Karabekir, bu gecikmenin nedenini halkın kendisini karşılamasına engel olunması biçiminde yorumlar.
“10 Kasım sabahı vapurumuz Boğaz’a girdi. Kavak’ta ayrı ayrı istikametlerde Rauf Bey ve Refet Paşa ve İstanbul gazete muhabirleri vapurumuza çıktılar. Her biri bir sual soruyor, beni arkadaşlarımla görüşmeye ve beş yıldan beri görmediğim şirin yerlerimizi seyretmeye fırsat vermiyorlardı. Endişeleri, Cumhuriyet’in ilân şeklinden doğuyordu.
Bir sabah top sesleriyle endişe ile uyandık. Meğer Cumhuriyet ilân oluyormuş. Ankara’dan gelen haberler, M. Kemal Paşa’nın yeni topladığı bir muhit ile tam bir `diktatörlüğe´ gittiğidir. Millî hâkimiyet yerine `şahsî hükümranlık´ kurulmuştur, istiklâlimizi kurtaranlar hürriyetimizi boğacaklar mıydı? (…)”[13]
Kazım Karabekir Paşa, Mustafa Kemal Paşa’nın bir zamanlar Hilafet ve saltanat makamına geçmeyi kurduğunda arkadaşlarının karşı çıkmasını, önlemesini görür. “Cumhurreisliğine de mâni olacakları endişesiyle, işi çabucak bitirmek suretiyle Millet Meclisini bile toplayabildiği 158 kişiye dayanarak Cumhurreisliğine geçmiştir.”[14]
Atatürk, Karabekir’e, Söylev’de şu yanıtı verir:
“Baylar, görüyorsunuz ki, Cumhuriyet’in ilanına karar vermek için Ankara’da bulunan bütün arkadaşlarımı çağırmayı ve onlarla görüşüp tartışmayı hiç de gerekli görmedim.

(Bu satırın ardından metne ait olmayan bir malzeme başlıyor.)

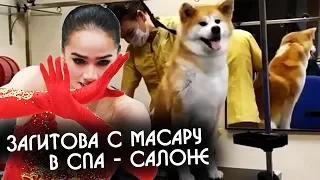 Алина Загитова показала поход собаки Масару к парикмахеру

Çünkü onların öteden beri ve doğal olarak bu konuda benim gibi düşündüklerinden kuşkum yoktu. Oysa o sırada Ankara’da bulunmayan kimi kişiler, hiçbir yetkileri yokken, kendilerine bilgi verilmeden, düşünceleri ve uygun görüp görmedikleri sorulmadan Cumhuriyet’in ilan edilmiş olmasını gücenme ve ayrılma saydılar.” Mustafa Kemal ya da bir başkasının meclisin yetkisinde olması gereken bir konuda birilerine sorma ya da sormama hak ve yetkisi elbette ki yoktur. Çünkü bu yetki, meclisin yetkisindedir. Dolayısıyla konu seçim ya da cumhuriyetin ilanı veya başka bir şey ise meclise getirilir, tartışılır ve meclis kararı ile bir sonuca varılır. Ama hiç kimse meclisin yetkisini tek başına kendisi kullanamaz.

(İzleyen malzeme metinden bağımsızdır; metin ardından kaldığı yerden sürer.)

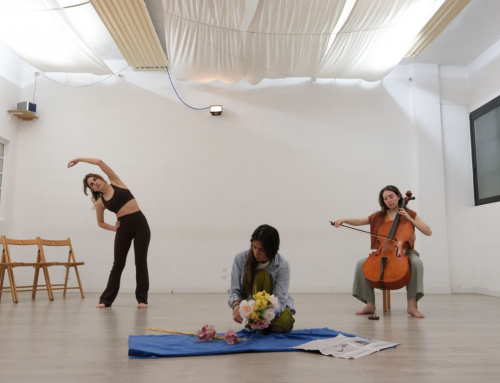 Dedalo Teatro selezionato da Triennale Milano per “Burri Palcoscenico Aperto”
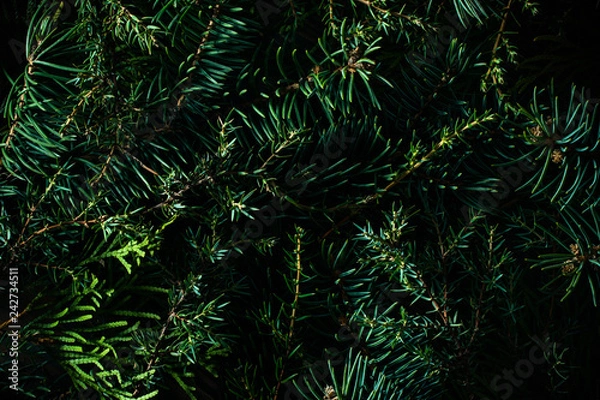 Obraz Natural coniferous plant texture. Green branches of spruce, juniper and fir trees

Karabekir, Atatürk’ün bu sözlerini anılarında şöyle yanıtlar:
“Hâlbuki salahiyetli olmadığını söyledikleri arasında hem mebus hem de kolordu komutanları vardır.”[15]
Kendisinin sayesinde bu mevkilere gelmiş Mustafa Kemal’in, kendisini haberdar etmeden bir oldu-bittiye getirerek bu şekilde Cumhuriyet’i ilan etmesi, Kâzım Karabekir’i çok incitmişti.

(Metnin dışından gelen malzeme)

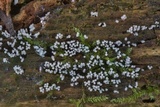 Arcyria cinerea image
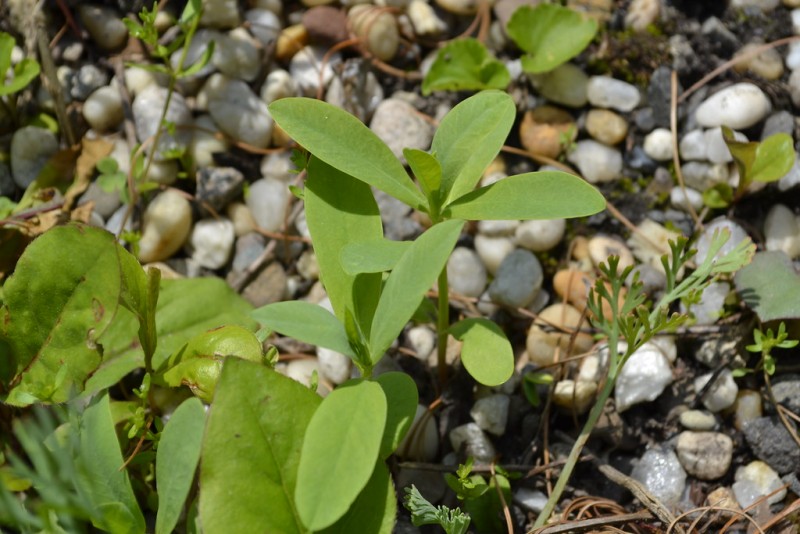 Vegetable Seedling Identification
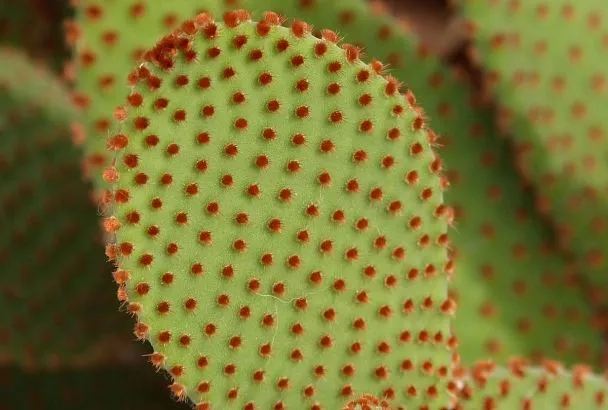 Внесла эти добавки в почву и старый кактус вдруг зацвел! Как «уговорить» капризное растение порадовать вас пышным цветением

Kazım Karabekir, Cumhuriyetin ilanının basından gizlenmesinin nedenini ise şöyle açıklamıştır: “Cumhuriyetin ilanının, İstanbul gazetecileri dahi top seslerinden öğrenecek kadar aceleye getirilme sebebinin münakaşaya meydan verilerek sözü ayağa düşürmemek için olduğu mütalaasında çıkan mana, gazetecilerin cumhuriyetin aleyhinde yazacakları değil, reisicumhurluğa namzet olabilecekleri yazmaları ve bu arada Mustafa Kemal Paşa’ya da Meclis kürsüsünden verdiği sözü hatırlatarak, onun namzetler arasında göstermemeleri kaygusu olduğu anlaşılıyordu.”[16]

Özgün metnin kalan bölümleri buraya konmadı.